What it's like working on the psychological front line of the worst humanitarian crisis since World War II

By Donatella Lorch
Zeynep, a family therapist
UNICEF Turkey/2017/Lorch
16 May 2017

IZMIR, Turkey, 16 May 2017 – As a family therapist, Zeynep Kapisiz regularly deals with anger, depression, fear and many pleas for help. Some days she feels overwhelmed. The problems she is trying to solve can seem intractable.

“I’ve learned that some days I just have to listen,” Zeynep says. “I can’t pay a family’s rent or find money for food. So we focus on learning how to take deep breaths and we just talk.”

Zeynep works with Syrian refugees, mostly women and their children living in Izmir, Turkey’s third largest city.

The Syrian refugee crisis, now in its seventh year, remains the worst humanitarian crisis since World War II. Turkey hosts the largest number of refugees in the world, with nearly 3 million registered Syrian refugees alone. Of these, over 1.3 million are children. In Izmir, there are just under 110,000 registered Syrian refugees.

A conflict’s most painful scars are often the hidden ones. It is the Syrian children that bear the heaviest burden. After living through years of violence and suffering, they are more likely to develop psychological disorders, become victims of violence, be forced into child marriages and recruited into armed groups.

Zeynep works on the psychological front line of this conflict. She divides her day between a sparse but modern looking office where she meets as many as five patients a day and a cozy playroom where she spends time playing with children, both part of a child and family support centre run by the Association for Solidarity for Asylum Seekers and Migrants (ASAM) in partnership with UNICEF and funded by the European Union. The ASAM centre provides a one-stop, comprehensive set of services for refugees including primary health and nutrition services, life skill and parenting trainings, Turkish lessons, community outreach and psychosocial support.

Zeynep, who is studying for a Masters degree in psychology at Izmir’s Ege University, faces many hurdles. Psychological help, in particular family therapy, is not commonplace in Syrian culture.

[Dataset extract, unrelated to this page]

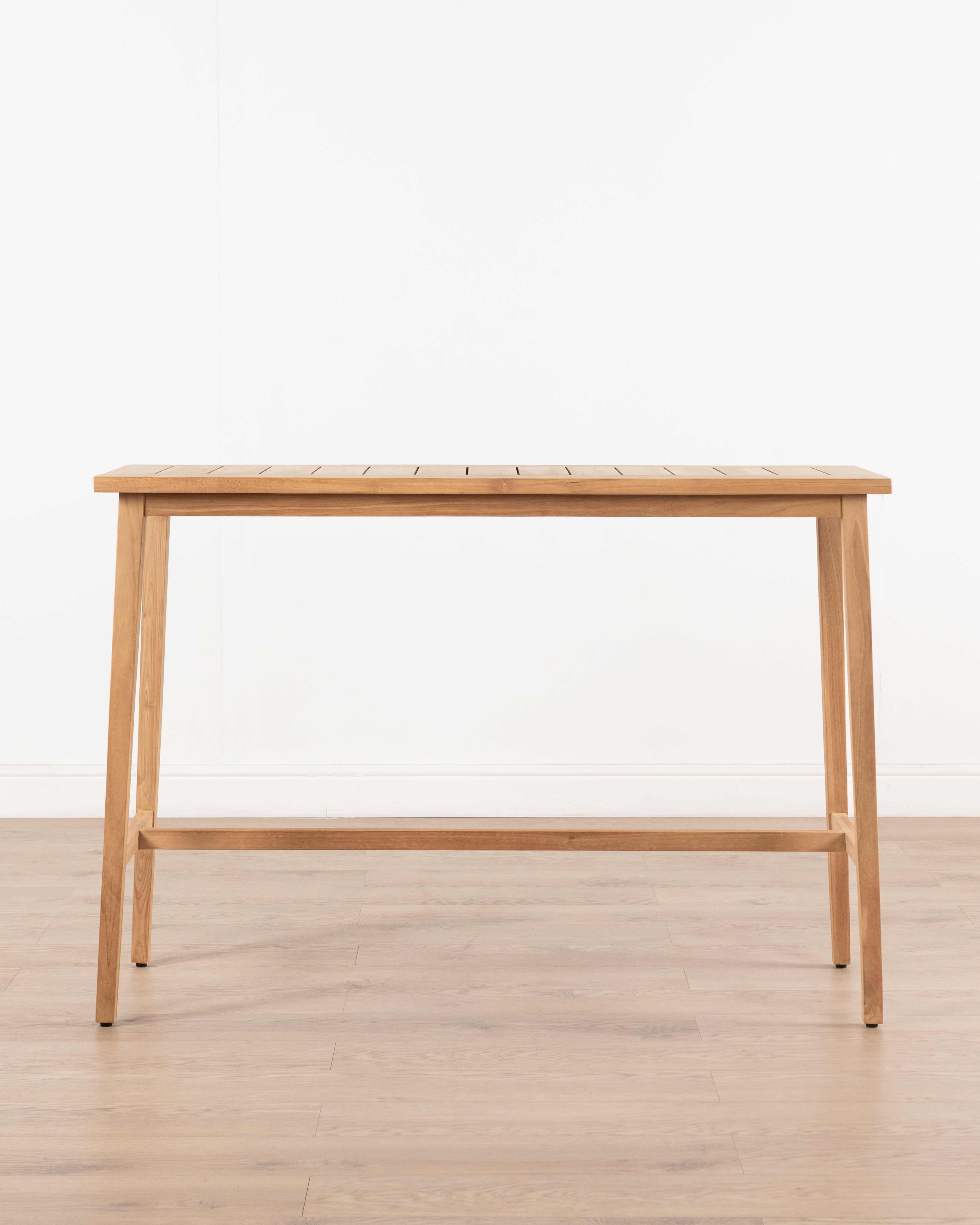 Resort Le Belle bar table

Fathers are rarely involved in the visit and mothers can be nervous and uncomfortable sharing information with Zeynep in front of the Syrian assistant who works as her Arabic translator. The pervasive belief is that family problems should be kept secret.

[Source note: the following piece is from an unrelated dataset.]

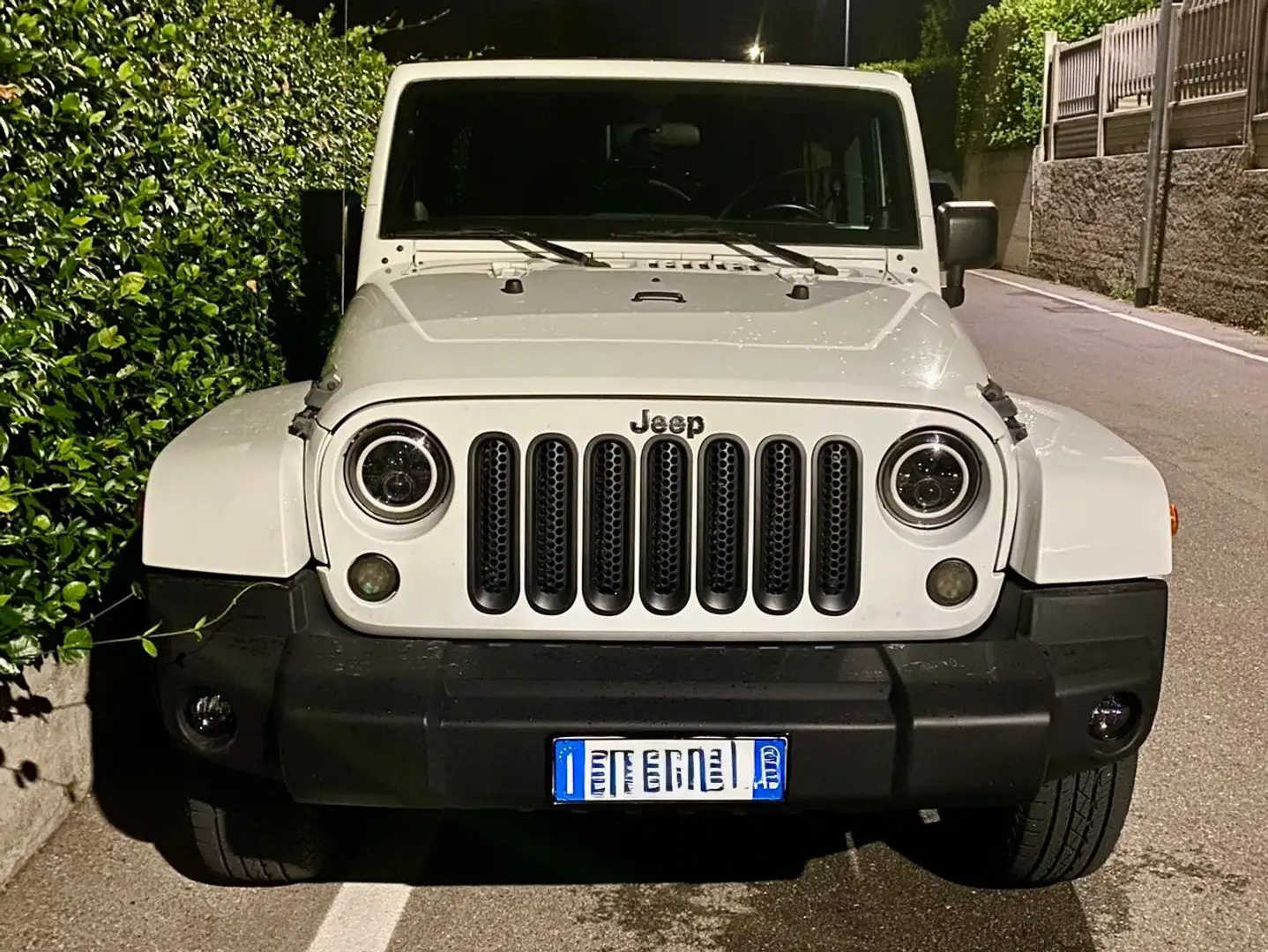 Jeep Wrangler Unlimited 2.8 crd Sahara auto Bianco - 1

“Most come to me first for help with symptoms such as bed-wetting, physical ticks, speech disorders and aggressive behavior,” Zeynep explains. “My job is not only to treat these visible problems but to address the trauma underneath and explain this to the parent.”

UNICEF Turkey/2017/Lorch

Zeynep uses the empty playroom to catch up on her work. The ASAM centre provides a one-stop, comprehensive set of services for refugees including primary health and nutrition services, life skill and parenting trainings, Turkish lessons, community outreach and psychosocial support.

Anger is a frequent manifestation of trauma. For Zeynep, another challenge is how to address her patients’ traditional parenting style where corporeal punishment is common at home as well as in school. Working with mothers, she talks about children’s developmental milestones and notes their history from birth to the present. They focus on how to identify verbal and physical abuse, discrimination and bullying.

With the children, she teaches deep breathing techniques to help them relax and manage anger issues.

“Imagine you are filling a bowl with air or if you are angry imagine squeezing two lemons in your hands,” she tells them.

Though her job is challenging, Zeynep remains inspired by the tenacity and love of others. There was the father who was dedicated to trying to find ways to help his son with Down syndrome and the mother devoted to helping her nine-year-old son overcome both the stuttering and the anger he had developed during the conflict. Her longest patient, a 13-year-old girl, who developed serious visible ticks after witnessing a bomb explosion, is doing better after weekly therapy and medication.

“I know it’s not realistic to feel satisfaction for all my cases,” Zeynep says. “But I do feel satisfaction especially with the children.”
  

In partnership with children

ASAM, in collaboration with UNICEF, and with funding from the European Union Trust Fund supports refugees and asylum seekers in meeting their basic and social protection needs. The CFSCs established in partnership with UNICEF as part of the Syrian response effort, are a “one-stop” shop for beneficiaries and provide a series of child-friendly and child-centered services.